Know when you are on a login node.  You can use your Linux prompt or the command hostname.  This will tell you the name of the login node that you are currently on. Note that the ssh gateway host itself is a secure portal from the outside and serves no compute function.

  • Appropriate activities on the login nodes:

    1. Compile code, Developing applications,

    2. Defining and submitting your job,

    3. Post-processing and managing data,

    4. Monitoring running applications.

    5. Change your user password.

  • Avoid computationally intensive activity on the login nodes.

    1. Don't run research applications.  Use an interactive session if running a batch job is not appropriate.

    2. Don't launch too many simultaneous processes.  While it is fine to compile on a login node, avoid using all of the resources. For example "make -j 2" will use two cores.

    3. That script you run to monitor job status several times a second should probably run every few minutes.

    4. I/O activity can slow the login node for everyone, like multiple copies or "ls -l" on directories with 000's of files.

Best Practices - Running jobs

  • Don't ask for more time than you really need.  The scheduler will have an easier time finding a slot for the 2 hours you need rather than the 48 hours you request.  When you run a job it will report back on the time used which you can use as a reference for future jobs.  However, don't cut the time too tight.  If something like shared I/O activity slows it down and you run out of time, the job will fail.

  • Specify the resources you need as much as possible.

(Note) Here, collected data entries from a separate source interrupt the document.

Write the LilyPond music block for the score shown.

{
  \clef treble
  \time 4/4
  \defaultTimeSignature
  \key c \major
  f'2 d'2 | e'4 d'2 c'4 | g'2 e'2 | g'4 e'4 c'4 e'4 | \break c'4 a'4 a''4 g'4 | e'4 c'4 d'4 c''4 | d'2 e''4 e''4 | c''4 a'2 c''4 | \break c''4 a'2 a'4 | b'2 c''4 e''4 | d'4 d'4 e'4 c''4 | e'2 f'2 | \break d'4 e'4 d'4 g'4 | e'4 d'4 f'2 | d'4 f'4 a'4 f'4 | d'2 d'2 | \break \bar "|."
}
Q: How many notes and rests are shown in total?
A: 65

Do not just specify the partition, but be clear on the main job resources, i.e., number of nodes, number of CPUs/GPUs, walltime, etc. The more information you can give Slurm the better for you and other users.

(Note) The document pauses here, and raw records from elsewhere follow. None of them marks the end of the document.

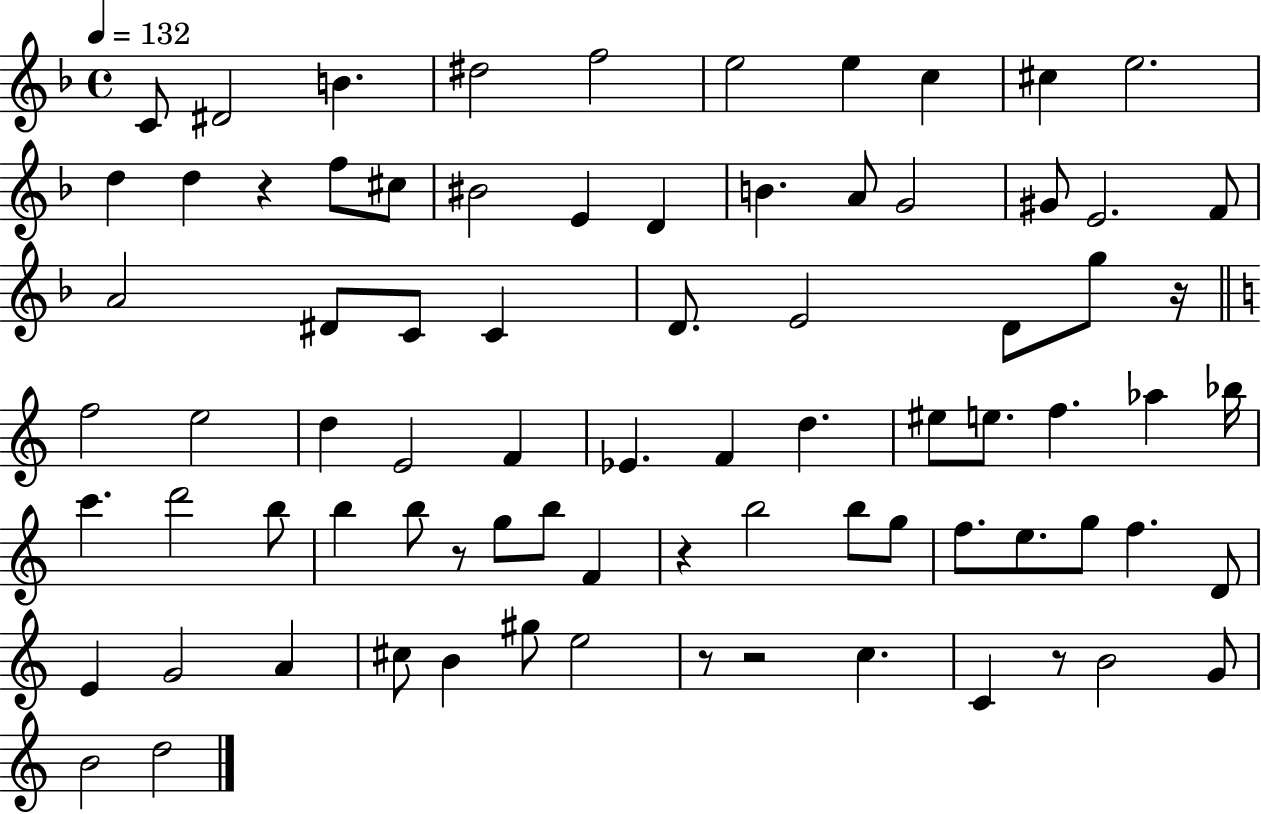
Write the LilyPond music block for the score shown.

{
  \clef treble
  \time 4/4
  \defaultTimeSignature
  \key f \major
  \tempo 4 = 132
  \repeat volta 2 { c'8 dis'2 b'4. | dis''2 f''2 | e''2 e''4 c''4 | cis''4 e''2. | \break d''4 d''4 r4 f''8 cis''8 | bis'2 e'4 d'4 | b'4. a'8 g'2 | gis'8 e'2. f'8 | \break a'2 dis'8 c'8 c'4 | d'8. e'2 d'8 g''8 r16 | \bar "||" \break \key c \major f''2 e''2 | d''4 e'2 f'4 | ees'4. f'4 d''4. | eis''8 e''8. f''4. aes''4 bes''16 | \break c'''4. d'''2 b''8 | b''4 b''8 r8 g''8 b''8 f'4 | r4 b''2 b''8 g''8 | f''8. e''8. g''8 f''4. d'8 | \break e'4 g'2 a'4 | cis''8 b'4 gis''8 e''2 | r8 r2 c''4. | c'4 r8 b'2 g'8 | \break b'2 d''2 | } \bar "|."
}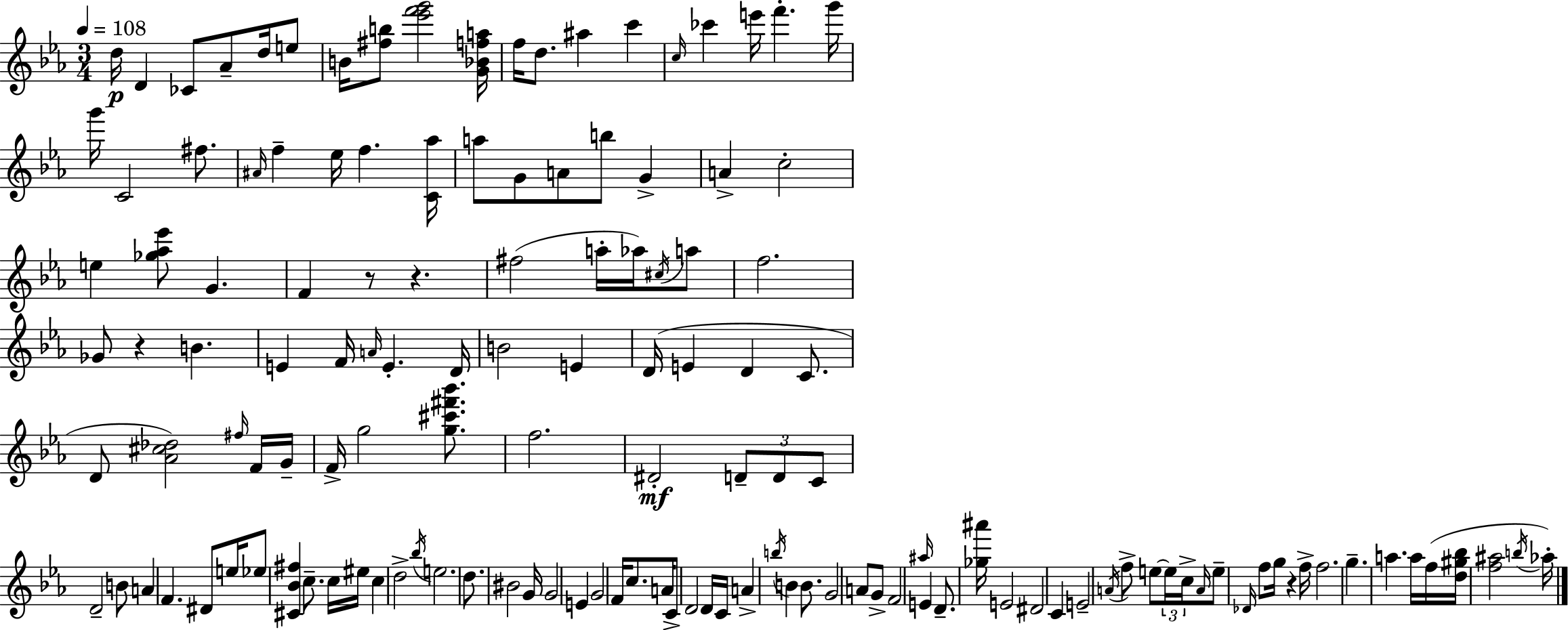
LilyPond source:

{
  \clef treble
  \numericTimeSignature
  \time 3/4
  \key ees \major
  \tempo 4 = 108
  d''16\p d'4 ces'8 aes'8-- d''16 e''8 | b'16 <fis'' b''>8 <ees''' f''' g'''>2 <g' bes' f'' a''>16 | f''16 d''8. ais''4 c'''4 | \grace { c''16 } ces'''4 e'''16 f'''4.-. | \break g'''16 g'''16 c'2 fis''8. | \grace { ais'16 } f''4-- ees''16 f''4. | <c' aes''>16 a''8 g'8 a'8 b''8 g'4-> | a'4-> c''2-. | \break e''4 <ges'' aes'' ees'''>8 g'4. | f'4 r8 r4. | fis''2( a''16-. aes''16) | \acciaccatura { cis''16 } a''8 f''2. | \break ges'8 r4 b'4. | e'4 f'16 \grace { a'16 } e'4.-. | d'16 b'2 | e'4 d'16( e'4 d'4 | \break c'8. d'8 <aes' cis'' des''>2) | \grace { fis''16 } f'16 g'16-- f'16-> g''2 | <g'' cis''' fis''' bes'''>8. f''2. | dis'2-.\mf | \break \tuplet 3/2 { d'8-- d'8 c'8 } d'2-- | b'8 a'4 f'4. | dis'8 e''16 ees''8 <cis' bes' fis''>4 | c''8.-- c''16 eis''16 c''4 d''2-> | \break \acciaccatura { bes''16 } e''2. | d''8. bis'2 | g'16 g'2 | e'4 g'2 | \break f'16 c''8. a'16 c'8-> d'2 | d'16 c'16 a'4-> \acciaccatura { b''16 } | b'4 b'8. g'2 | a'8 g'8-> f'2 | \break \grace { ais''16 } e'4 d'8.-- <ges'' ais'''>16 | e'2 dis'2 | c'4 e'2-- | \acciaccatura { a'16 } f''8-> e''8~~ \tuplet 3/2 { e''16 c''16-> \grace { a'16 } } | \break e''8-- \grace { des'16 } f''8 g''16 r4 f''16-> f''2. | g''4.-- | a''4. a''16 | f''16( <d'' gis'' bes''>16 <f'' ais''>2 \acciaccatura { b''16 }) aes''16-. | \break \bar "|."
}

  • Test your submission scripts.  Start small.  You can use the testing queue which has a higher priority but a short run time.

  • Use the testing queue.  It has a higher priority which is useful for running tests that can complete in less than 10 minutes.

  • Respect memory limits.  If your application needs more memory than is available, your job could fail and leave the node in a state that requires manual intervention.

  • Do not run scripts automating job submissions. Executing large numbers of sbatch's in rapid succession can overload the system's scheduler leading to problems with overall system performance. A better alternative is to submit job arrays.

Best Practices - Data Transfer

  • Use scp for smaller or few files and sftp or rsync for larger or more files

  • If you need to copy the same directories again and again, synchronise them so that only the files are copied that need have been updated instead copying all files.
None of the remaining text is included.